Their basket-making journey began in the early 1980s, when Eric started studying with Betty and Roger Curry, considered by many to be the keepers of the flame of traditional Ozark white-oak basket-making.
Barb got into baskets through Eric, whom she met in 1990. “I liked making baskets, but I liked the basket maker more,” she quips.
Together they developed their expertise in making free-form or rib baskets from native materials, as well as traditional white-oak baskets.
Eric himself processes the hickory, elm, and cedar barks needed for their native-materials baskets, and collects the various vines and grasses. The trees and vines come from their property near Taneyville and that of friends who share their basket-making passion.
Eric and Barb transitioned from students to teachers in the early 1990s when Nancy Hillard of Caledonia, the previous free-form basket instructor at the annual Christianson Native Craft Workshop, retired. They were asked to take over her classes.
Nancy gave Eric some of her books and taught him the basics. After Nancy's death, her family gave the rest of her basket books to Eric and Barb for their use. The workshop class is taught al fresco, with students weaving outside under shade trees and even foraging for some materials.
Eric and Barb enjoy seeing the students’ creativity show up in their baskets. No two are ever alike.
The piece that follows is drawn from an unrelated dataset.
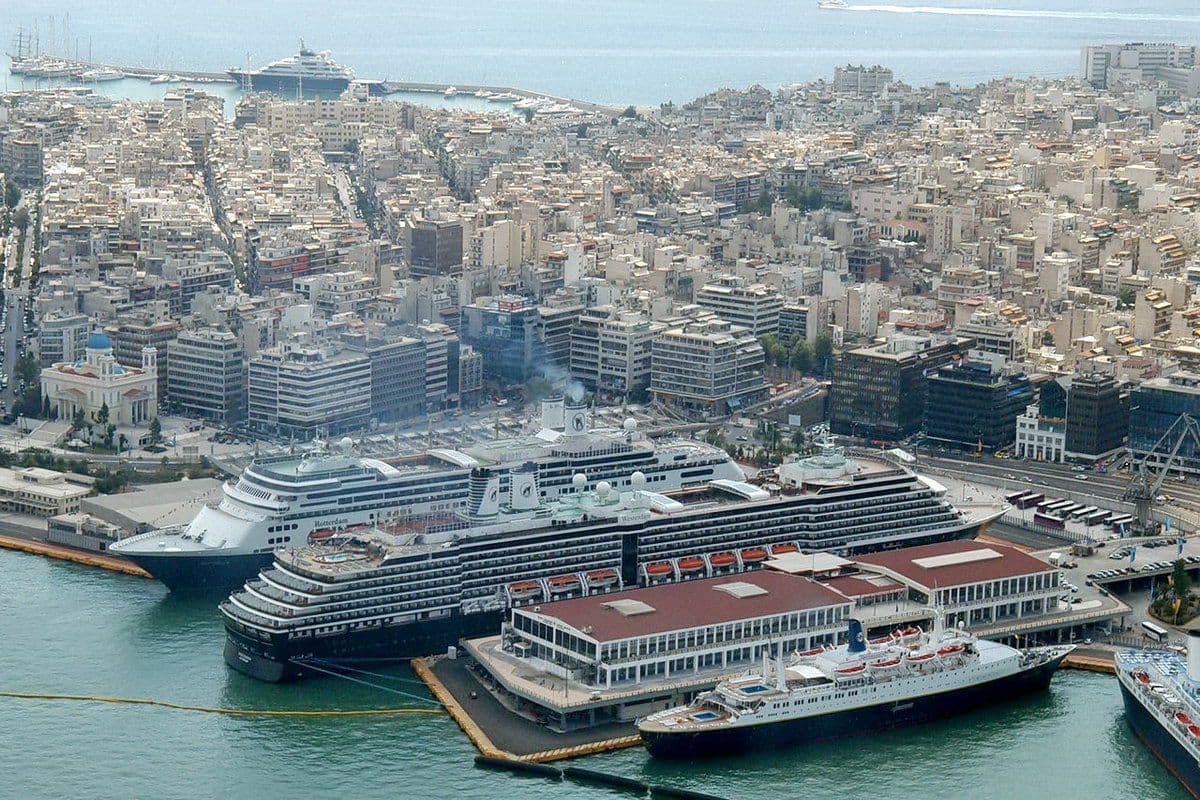 Modern apartments near the port of Piraeus 8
Basket-making isn’t the only thing Eric and Barb enjoy doing together. A Renaissance couple, their diverse interests range from gardening to ballroom dancing to bee keeping. Eric enjoys woodturning, throwing pots, and blacksmithing. Barb likes weaving, cooking, and home food preservation. They are active in their church and with a number of charitable organizations.
Both are Master Gardeners and enjoy heirloom gardening and seed collecting. Barb teaches flower-pressing classes through the Master Gardener program, and they both volunteer each year to plant the flower gardens at the Kids Across America Camp near Golden. About 700 urban youth from around the country attend the camp each week in the summer.
Eric also enjoyed teaching a staff member of Kanakuk Kamps in Branson how to harvest materials in the wild and use them to make baskets as part of the camp’s survival class series. The baskets the campers created were primitive but functional.
“I’m supposed to be retired,” says Eric, who formerly manufactured brake and clutch parts for automotive and industrial purposes.
Barb’s background is in occupational health care, but when she moved to Taneyville she couldn’t find work in that field, so she started a home-based business with Mary Kay Cosmetics as an independent beauty consultant. The flexibility of that job allows her to assist Eric in teaching basket weaving and gathering materials.
Their country home reflects their artistic natures, and their family and friends are the lucky beneficiaries of their largesse – from canned goods to floral bouquets to baskets. Because, as Barb and Eric point out, it’s not just about weaving a basket, it’s about weaving friendships in the process.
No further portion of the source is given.